This is the text of a speech given by Whitlam to a Federation Anniversary Dinner in Melbourne celebrating the centenary of the Federal ALP Caucus.

The event was part of the centenary celebrations of Federation. The first Commonwealth Parliament met in Melbourne on May 9, 1901.

Whitlam was 84 years old at the time he made this speech.

Text of Gough Whitlam’s speech to the ALP’s Federation Anniversary Dinner, May 8, 2001.

For once, Shakespeare got it wrong. His Henry V said: “Old men forget.” My problem is the multitude of vivid memories brought about by the grandeur of the occasion, the association with my birthplace, the presence of so many colleagues and your warm and enthusiastic welcome. Maintain your zeal and your enthusiasm through the coming campaign and until polling day.

The Caucus I joined in 1953 had as many Boer War veterans as men who had seen active service in World War 11, three from each. The Ministry appointed on 5 December 1972 was composed entirely of ex-servicemen: Lance Barnard and me.
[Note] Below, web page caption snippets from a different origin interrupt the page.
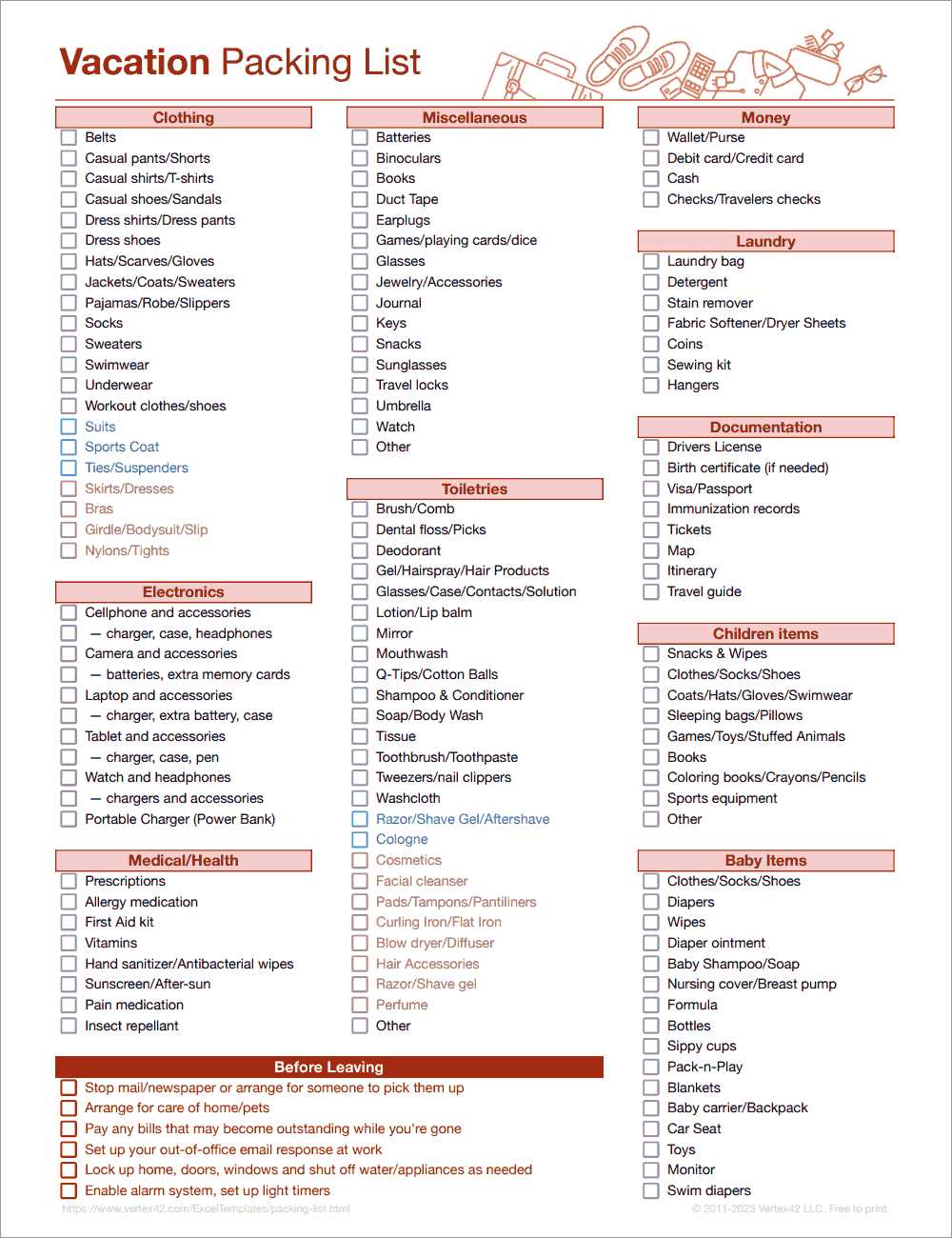 printable camping list checklist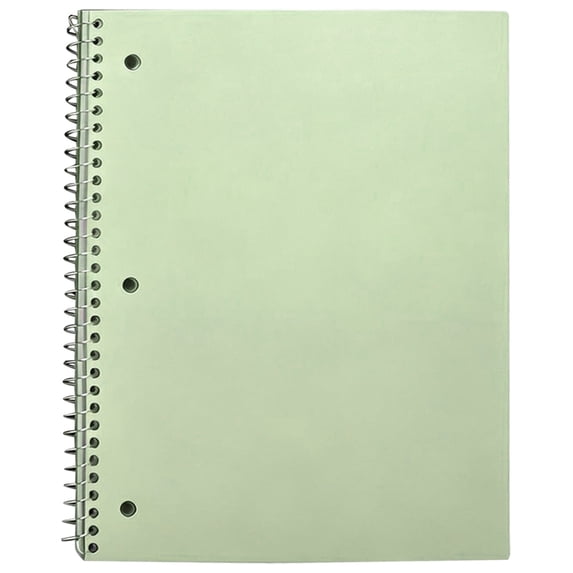 Spiral Notebook 1 Subject with 3 Hole Punch, Fits 1 Inch 3 Ring Binder, College Ruled Thick No Bleed Paper, Lay Flat Coil Binding,70 sheets/140 Pages Office Notebook,Mint Green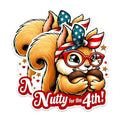 (2 Pack) Nutty for The 4th Stickers - Patriotic Squirrel Stickers - Independence Day Decor - 5" On Longest Side - Sticks to Any Smooth Flat Surface - Made in USA - BMCS2708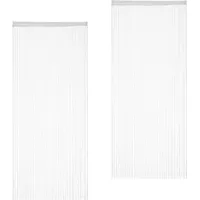 Relaxdays Fadenvorhang weiß 90,0 x 245,0 cm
In February 1967 the Caucus elected me to be its Leader, and Lance to succeed me as Deputy Leader. It was a challenging year. I addressed the Victorian Conference on 9 June. The Corio by-election had just been announced. Inexplicably, Conference gave a mixed reception to my call to arms; to abandon the philosophy that found constant defeats to be a proof of the purity of our principles. As I said: “Only the impotent are pure.”

In those pre-IVF days, even the most chauvinist male unionist on the Federal Executive at its most intrusive would have realised the absurdity of men presuming to make laws on the fertility of women. In July in Adelaide the Federal Conference began the process of making the Federal Conference, Executive and Caucus more representative of Labor voters.
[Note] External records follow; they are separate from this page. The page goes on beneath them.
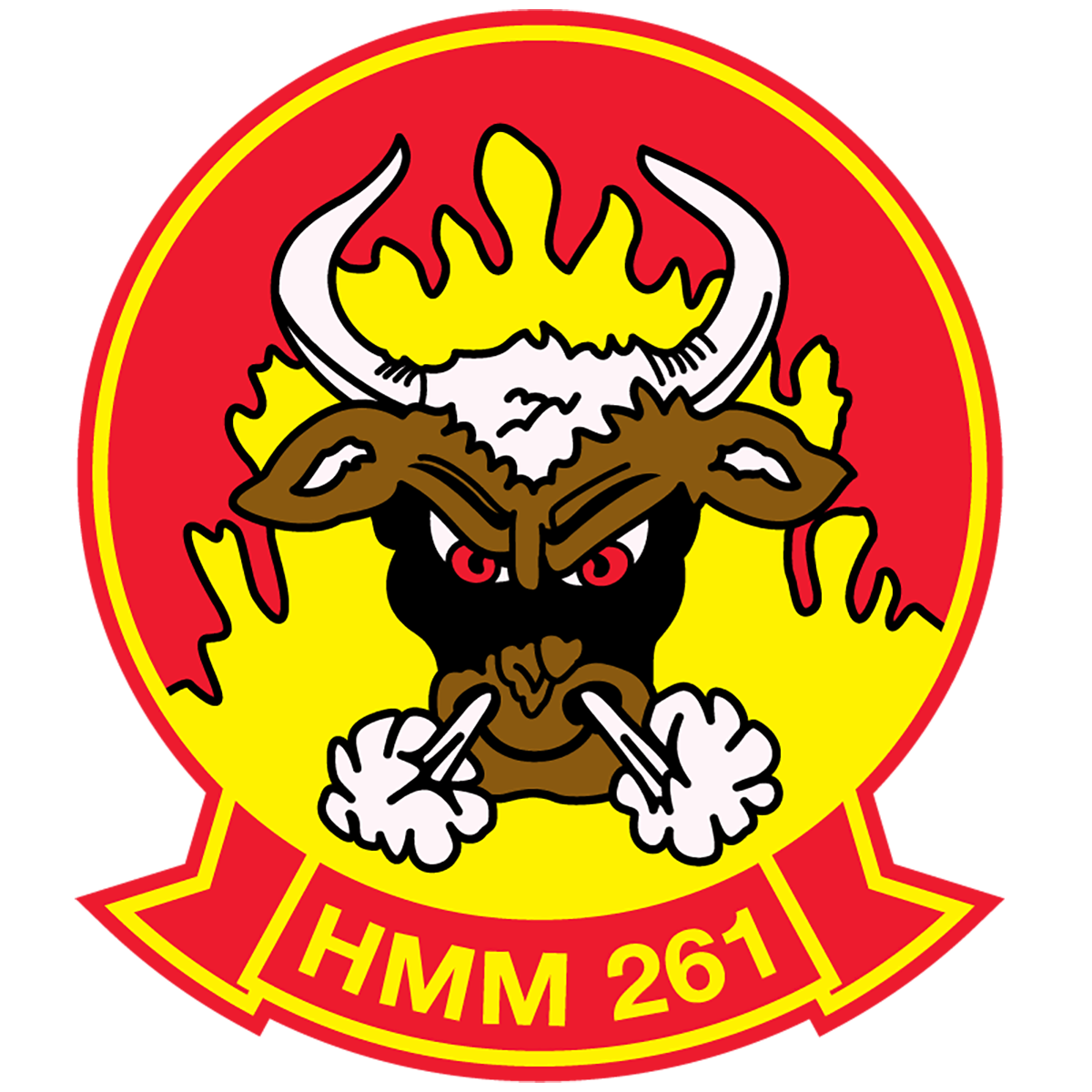 Officially Licensed USMC HMM-261 Raging Bulls Sticker
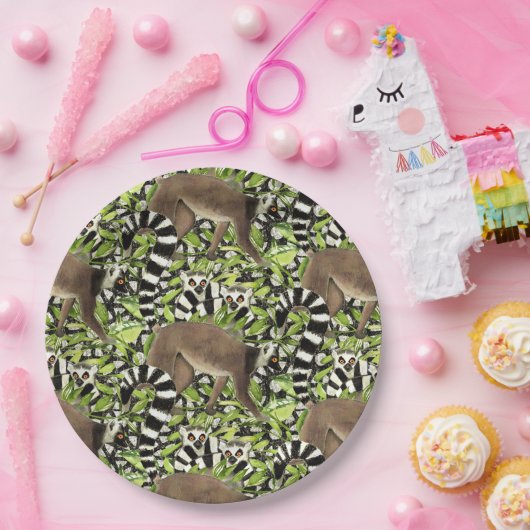 Ringstaartlemuren van Madagaskar in het Oerwoud Papieren Bordje (Feest)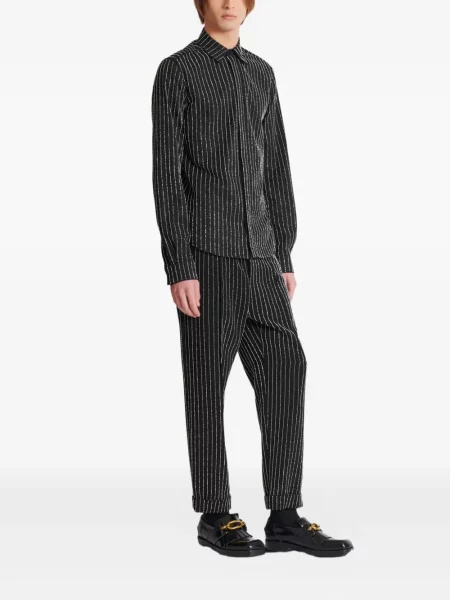 Cămașă cu dungi Balmain cu dungi de cristal negru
Tonight we celebrate more than a century’s commitment to change and reform through Parliament. My most constant objective has been to make Australian Parliaments more representative of all voters. The nadir of the Party’s electoral fortunes was reached in March 1968, when the Dunstan Government was defeated despite winning 52% of the votes.

Only one of Australia’s 13 Houses of Parliament was left with a Labor majority, the Tasmanian House of Assembly. Tasmania alone had equal enrolments in all electoral divisions in the State and Federal lower houses. In the winter of our discontent, Lance Barnard and I, the Leader and Deputy Leader in the Senate, Lionel Murphy and Sam Cohen, Premier Eric Reece and the Leaders of the five State Oppositions met in Hobart. We resolved to achieve equal franchise – one vote-one value – in the House of Representatives and in all the State Houses of Parliament.

At the joint sitting of both Federal Houses in August 1974, the House of Representatives was made the first legislative body in Australia to be elected on the principles of one vote, one value and regular redistribution. Now the Hobart strategy has succeeded everywhere except in the Houses of the Western Australian Parliament. There at last we have a Labor Government determined to complete the journey which began in Hobart 33 years ago.

The Party should pursue the greatest single constitutional and electoral reform for the advancement of parliamentary democracy in Australia: fixed four year terms for every House of Parliament in Australia. I stress three points: the multiplicity of elections, their cost and the permanent electioneering damage, the repute and standing of Parliaments and politicians; they cause the buck-passing of responsibility for finances and functions between the State and Federal Parliaments; they are the most serious source of potential corruption for the political parties in Australia.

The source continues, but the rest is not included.